Pictures with short captions:
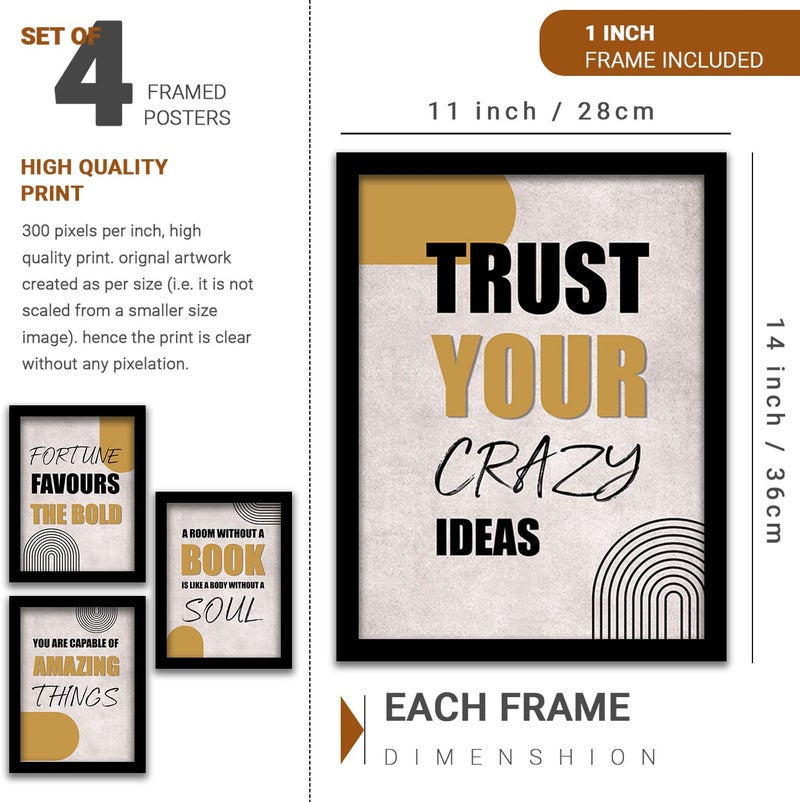 VASL Studio Motivational Thoughts Wall Frame for Home and Office Wall Decor Inspirational Quotes Wall Poster for Kids Room Students School Institutes 11 x 14 inch Framed Set of 4 - Image 2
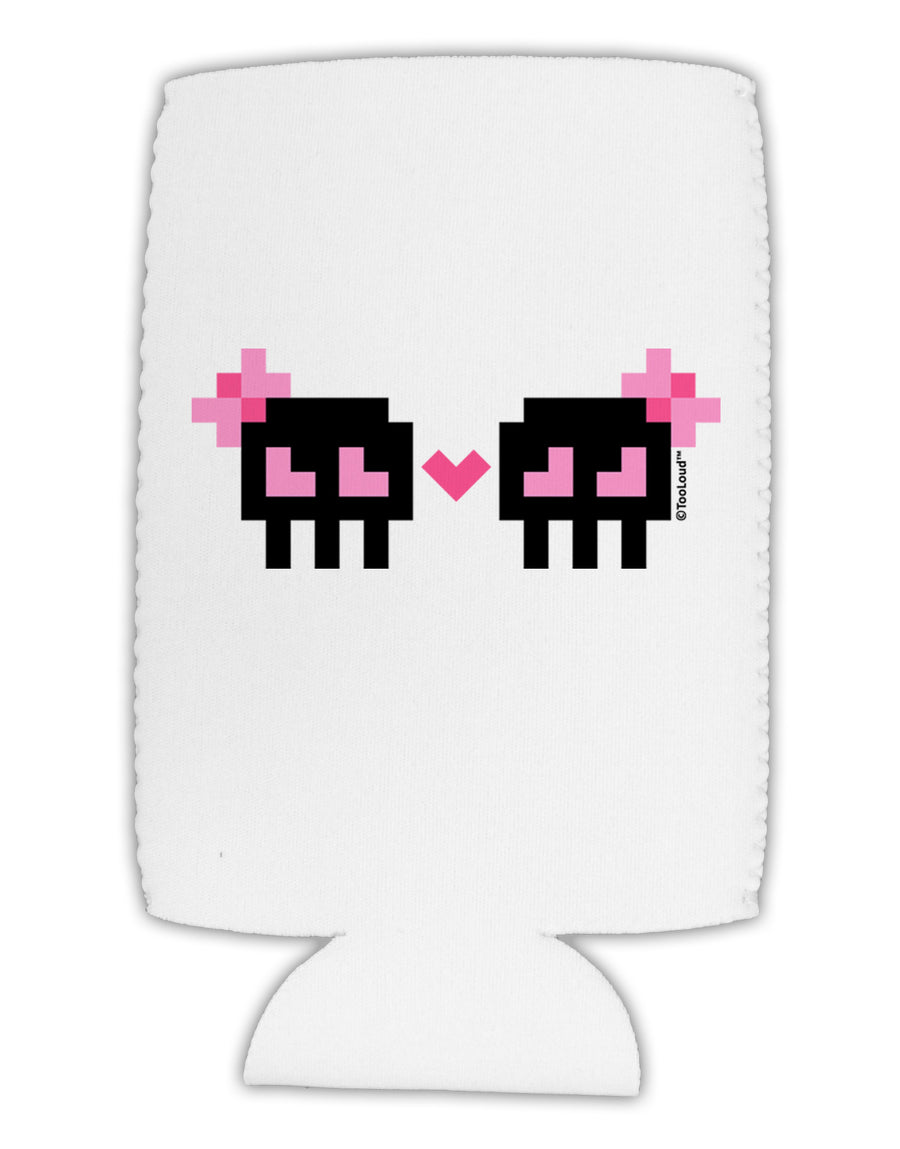 8-Bit Skull Love - Girl and Girl Collapsible Neoprene Tall Can Insulator-Tall Can Insulator-TooLoud-White-Davson Sales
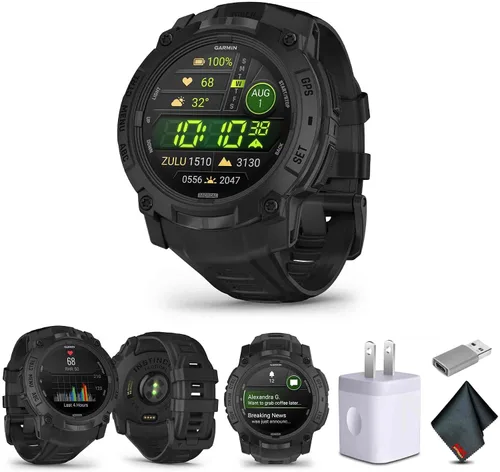Vista 18 de Garmin Instinct 3 45mm, AMOLED, reloj inteligente GPS para exteriores, reloj inteligente táctico de fitness 24/7, 18 días de duración de batería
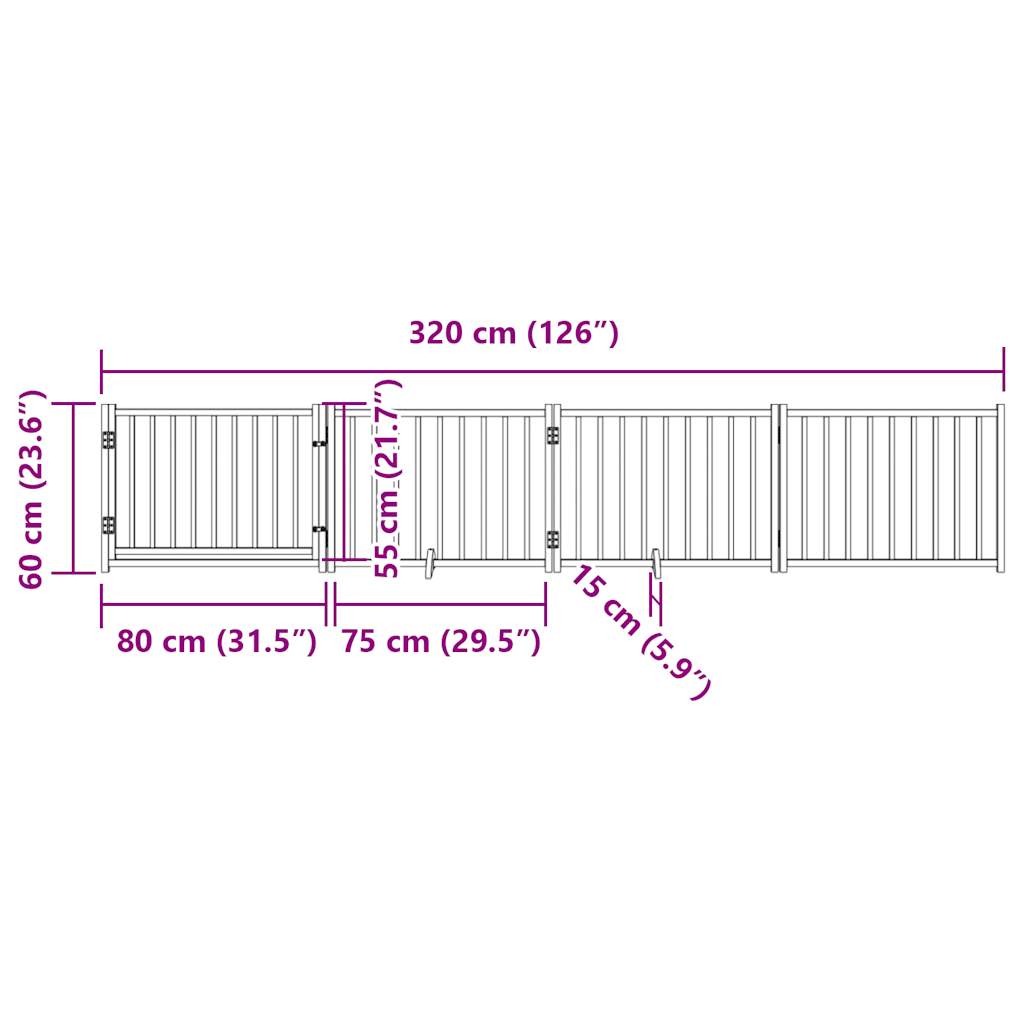 Zábrana pro psy s dvířky skládací 4 panely bílá 320 cm jedle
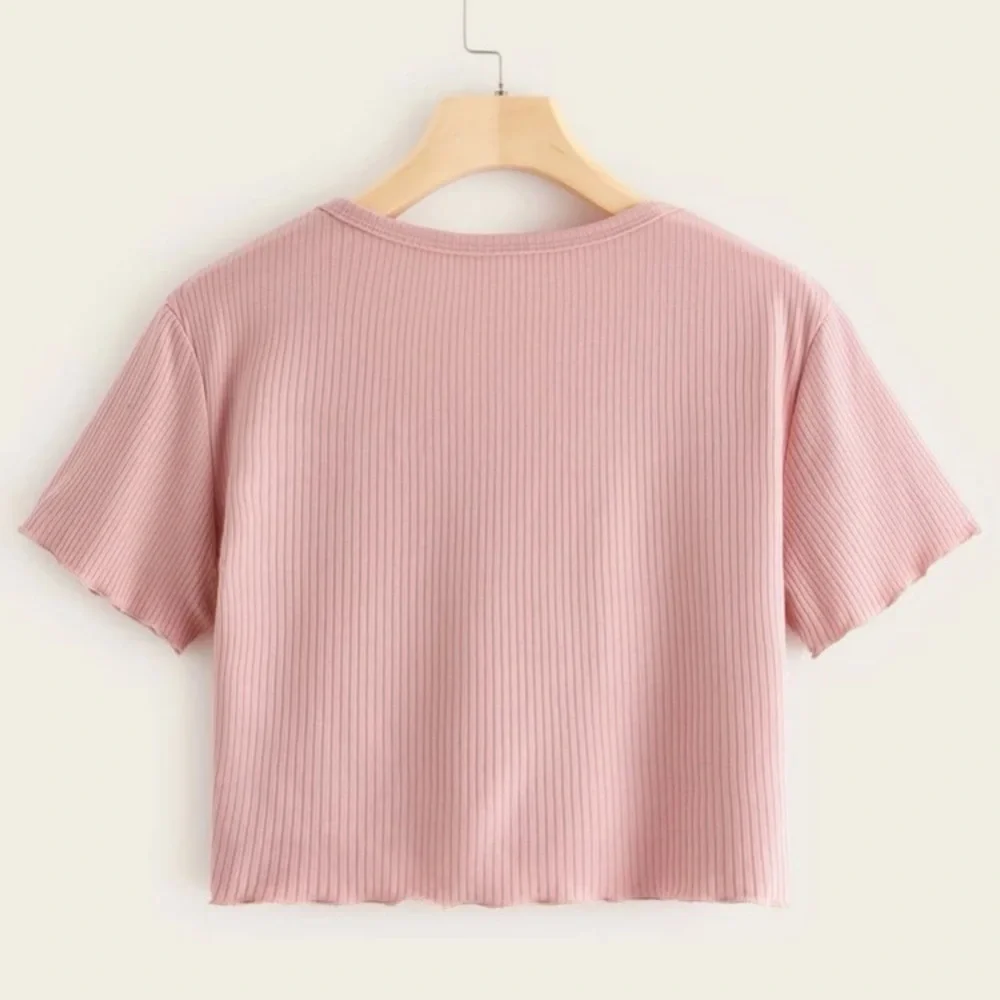 ROMWE Pink Ribbed Button Down Crop Top - Picture 7 of 9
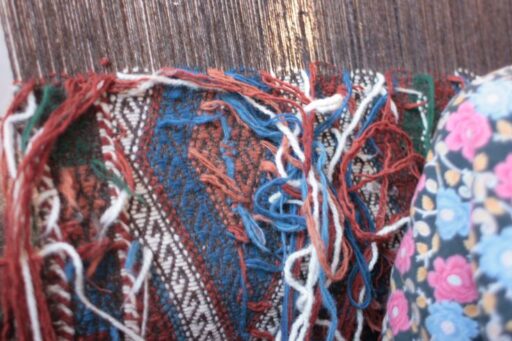 Weaving jijim from the back side on the loom, Çanakkale, Turkey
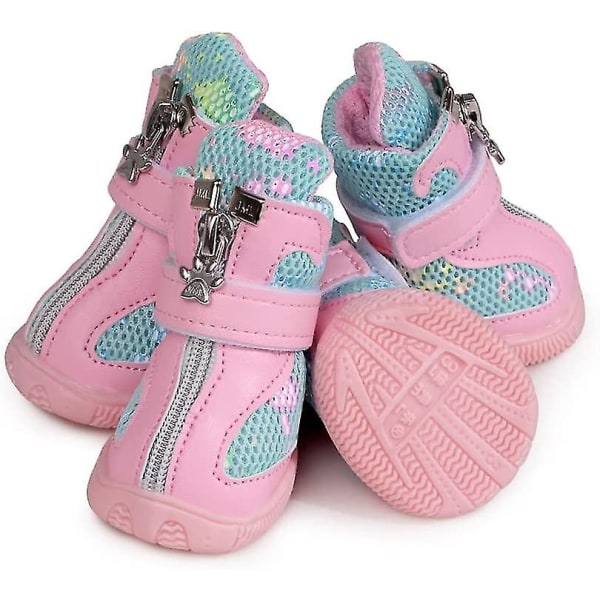 4 st Hundskor Andningsbara Mesh Sommarskor för Hundar med Halkfri Sula för Vandring och Löpning Size 3 (6-10lb) Pink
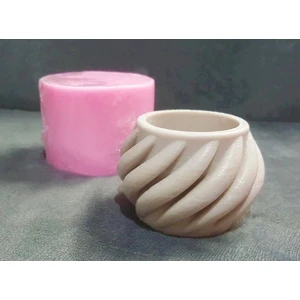 Spiral Saksı 9cm Silikon Kalıp K-658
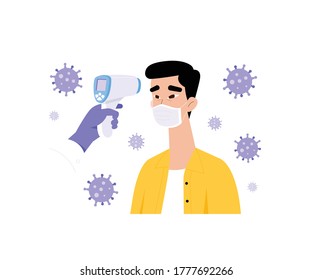Young man with mask Vector illustration in a flat style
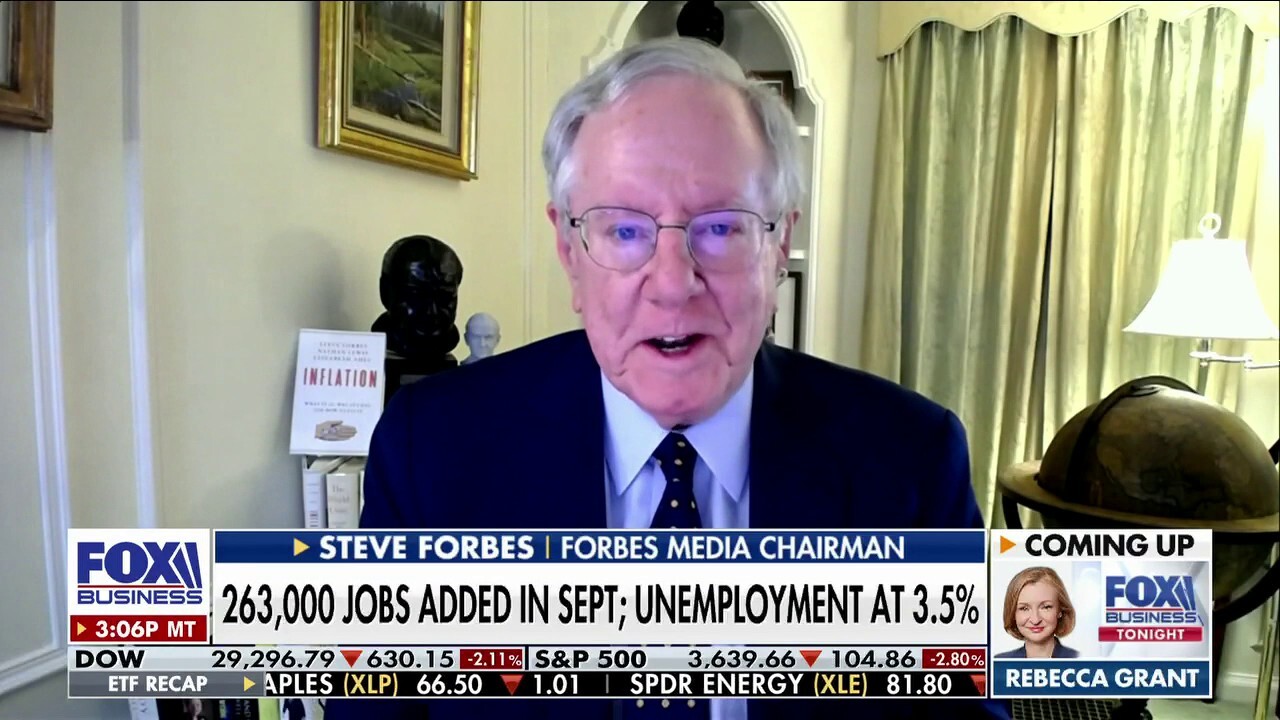 Forbes Media chairman Steve Forbes discusses the latest jobs report showing that 263,000 jobs were added in Sep. and unemployment at 3.5% on ‘Fox Business Tonight.’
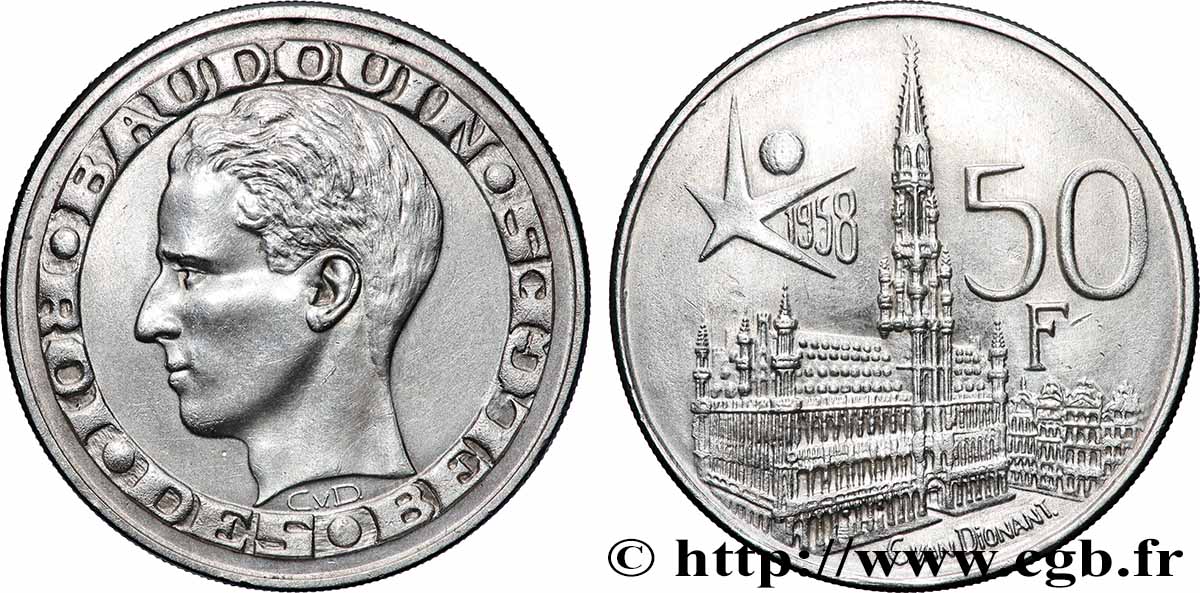 BELGIQUE 50 Francs Exposition Universelle de Bruxelles - légende française 1958 Bruxelles SUP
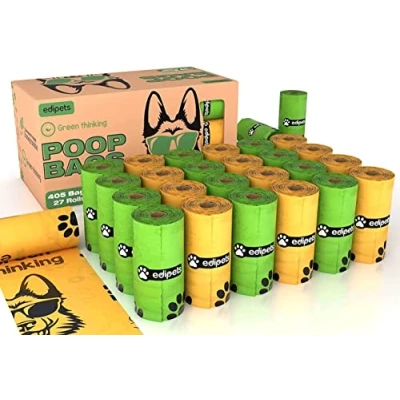 Imagen de Edipets, Bolsas Caca Perro, Biodegradables, 405 o 540 unidades, Extra Grueso, A Prueba de Fugas, Bolsitas para Excrementos, Accesorios Dog Poop Bag (27 Rollos Unidades)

- [Task requirements]: Using the entries above, repeat exactly the lines from the one with "ROMWE Pink Ribbed" to the one with "Young man with", both included, and leave the pictures behind.

- [Answer for the task]:
 ROMWE Pink Ribbed Button Down Crop Top - Picture 7 of 9
 Weaving jijim from the back side on the loom, Çanakkale, Turkey
 4 st Hundskor Andningsbara Mesh Sommarskor för Hundar med Halkfri Sula för Vandring och Löpning Size 3 (6-10lb) Pink
 Spiral Saksı 9cm Silikon Kalıp K-658
Young man with mask Vector illustration in a flat style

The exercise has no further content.